Great report and read Anthony.
Tree Rings in trees also do the same thing in a way. The roots are grounded but soil conditions under each tree can vary from tree to tree giving different results even though the trees are same species and grow right next to each other or in same area.
Like how computer models run on different software.

Rhoda R

Didn’t some warmist researcher make a comment about not trusting data when it conflicted with models?

Dave Dardinger

I don’t know that I thought much about computing errors, but it should be known by everyone who wants to be taken seriously in the climate debate, that even the approximations to the actual equations of science being modeled in the Climate models cannot be kept from diverging for very long. This is why I cringe whenever i see the modelers trying to clam that their models are using the actually scientific equations underlying earth’s climate. They aren’t and they can’t.

Eric Anderson

Rounding errors. Digits at the extreme that are too small to deal with, but that, over time, end up affecting the outcome. Miniscule physical properties that we are unable to measure. The general uncertainty principle involved in trying to forecast how climate (made up of weather, made up of air particles, made up of individual molecules, made up of individual particles — both the precise location and trajectory of which cannot, in principle, even be measured).
Is it just the case that we need better computers, more accurate code, more decimals, more money, more measurements?
The doubt that keeps gnawing at me is whether it is possible — even in principle — to accurately model something like climate over any reasonable length of time.

Nick Stokes

[snipped to prevent your usual threadjacking. You are wrong- read it and try again – Anthony]

Richard M

Wild ass guess plus or minus rounding error is still just a WAG. Wake me up when they properly model oceans and other natural climate factors.

DirkH

Now did I lambast people for years here now with the mathematical definition of chaos as used by chaos theory, which states that a system is chaotic IFF its simulation on a finite resolution iterative model develops an error that grows beyond any constant bound over time? And was this argument ignored ever since by all warmists (to be fair; our resident warmists surely had their eyes glaze over after the word mathematical)?
Yes and yes.

more soylent green

Floating point numbers are not precise and computer use floating point numbers for very large or very small numbers. This is not a secret and while everybody who ever took a programming course probably learned it, most of us forget about it unless reminded.
Somebody who works as a programmer in the scientific or engineering fields where floating point numbers are routinely used should be aware of this issue. However, it appears that much of the climate model code is written by anybody but professionally trained computer programmers or software engineers.

Latitude

honest questions, I’m no longer sure that I fully understand these things:
1. the beginning of each model run is really hindcasting to tune the models??…if so, they missed that too
2. each model run is really an average of dozens/hundreds/thousands of runs, depending on how involved each model is?
3. if they hindcast/tuned the models to past temps, then they tuned them to past temps that have been jiggled and even if the models work, they will never be right?
4. the models have never been right…not one prediction has come true?
..I’m having an old age moment…and doubting what I thought I knew…mainly because it looks to me like people are still debating garbage

steven

Can’t wait to see what RGB has to say about this!
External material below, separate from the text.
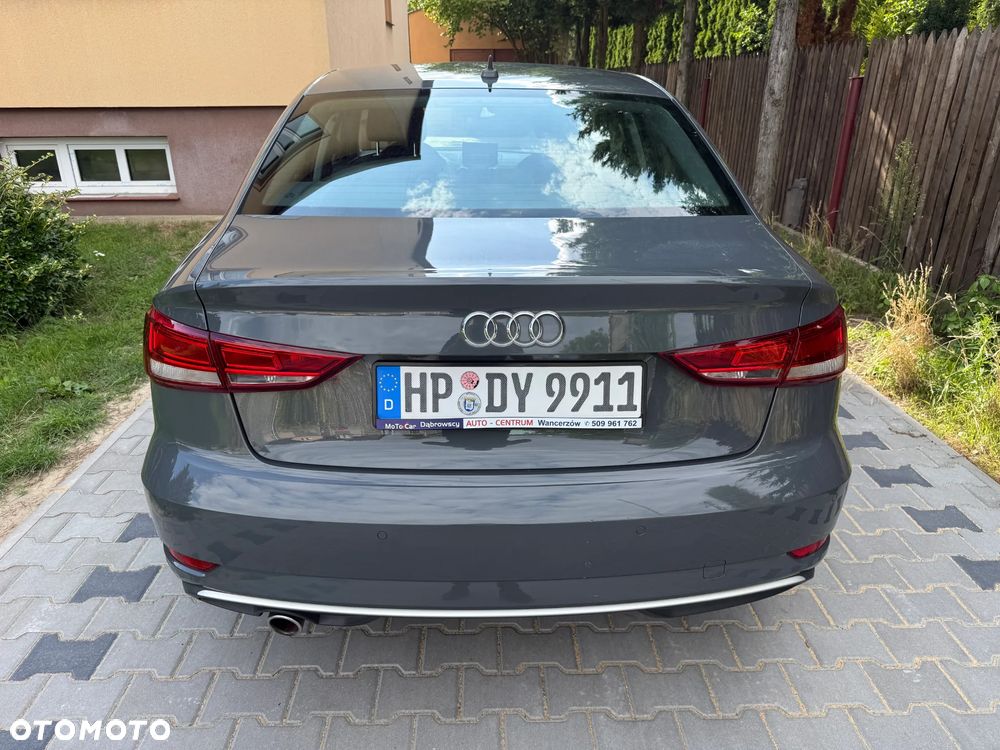 Audi A3 Limousine 1.6 TDI S tronic sport - 5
Butterfly errors producing storms of chaos in the models.

Mark Bofill

Look that’s just sad. I haven’t had to fool with it for 20 years since school, but there are methods for controlling this sort of thing, it’s not like numerical approximation and analysis are unknown frontiers for goodness sakes.

DirkH

[snip – I nipped his initial comment, because it was wrong and gave him a chance to correct it, you can comment again too – Anthony]

DirkH

more soylent green says:
July 27, 2013 at 11:15 am
“Somebody who works as a programmer in the scientific or engineering fields where floating point numbers are routinely used should be aware of this issue. However, it appears that much of the climate model code is written by anybody but professionally trained computer programmers or software engineers.”
They just don’t care. Anything goes as long as the funding comes in.

Billy Liar

Nick Stokes says:
July 27, 2013 at 11:13 am
[snip – I nipped his initial comment, because it was wrong and gave him a chance to correct it, you can comment again too – Anthony]
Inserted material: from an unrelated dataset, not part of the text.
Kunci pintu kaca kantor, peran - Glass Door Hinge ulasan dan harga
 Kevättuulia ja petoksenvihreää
[snip – try again Nick, be honest this time
Note this:

While the differences might appear as small to some, bear in mind that these differences in standard deviation are only for 10 days worth of modeling on a short term global forecast model, not a decades out global climate model.

– Anthony]

Man Bearpig

Rounding errors ? How many decimal places are they working to ? 1? 0?

mpaul

hmm, I imagine this could become the primary selection criteria when purchasing new supercomputers for running climate models. The supercomputer manufacturers will start to highlight this “capability” in their proposals to climate scientists — “The Cray SPX -14 implements a proprietary rounding algorithm that produces results that are 17% more alarming than our nearest competitor”. Maybe the benchmarking guys can also get a piece of the action — “The Linpack-ALRM is the industry’s most trusted benchmark for measuring total delivered alarminess”.
Sorry, gotta go. I’ve got an idea for a new company I need to start.

Stephen Richards

Nick Stokes says:
July 27, 2013 at 11:13 am
Nick, read the UK Met off proud announcement that their climate model is also used for the weather forecast and in so doing validates their model.
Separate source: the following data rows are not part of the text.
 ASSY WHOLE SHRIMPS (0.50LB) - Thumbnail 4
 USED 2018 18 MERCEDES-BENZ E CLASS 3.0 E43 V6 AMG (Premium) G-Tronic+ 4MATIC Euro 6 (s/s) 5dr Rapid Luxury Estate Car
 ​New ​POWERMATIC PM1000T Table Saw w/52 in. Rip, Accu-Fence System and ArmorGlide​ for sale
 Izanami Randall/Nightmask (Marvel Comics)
I find it difficult to believe that this is due purely to the handling of rounding errors. Have the authors established what it takes to produce identical results? I would start with a fix hardware, OS, complier and optimization. Do two separate runs produce almost exactly matching result? If not, then the variation over different hardware/compiler is irrelevant. I am inclined to believe it is more likely something in the parallel compiler, in determining whether communication between nodes is synchronous. Modern CPU has cycle time of 0.3ns (inverse of frequency). Communication time between nodes is on the order of 1 micro-sec. So there maybe an option in the parallel compiler to accept “safe” or insensitive assumptions in the communication between nodes?

Billy Liar says: July 27, 2013 at 11:21 am
“So climate models are immune to rounding errors?”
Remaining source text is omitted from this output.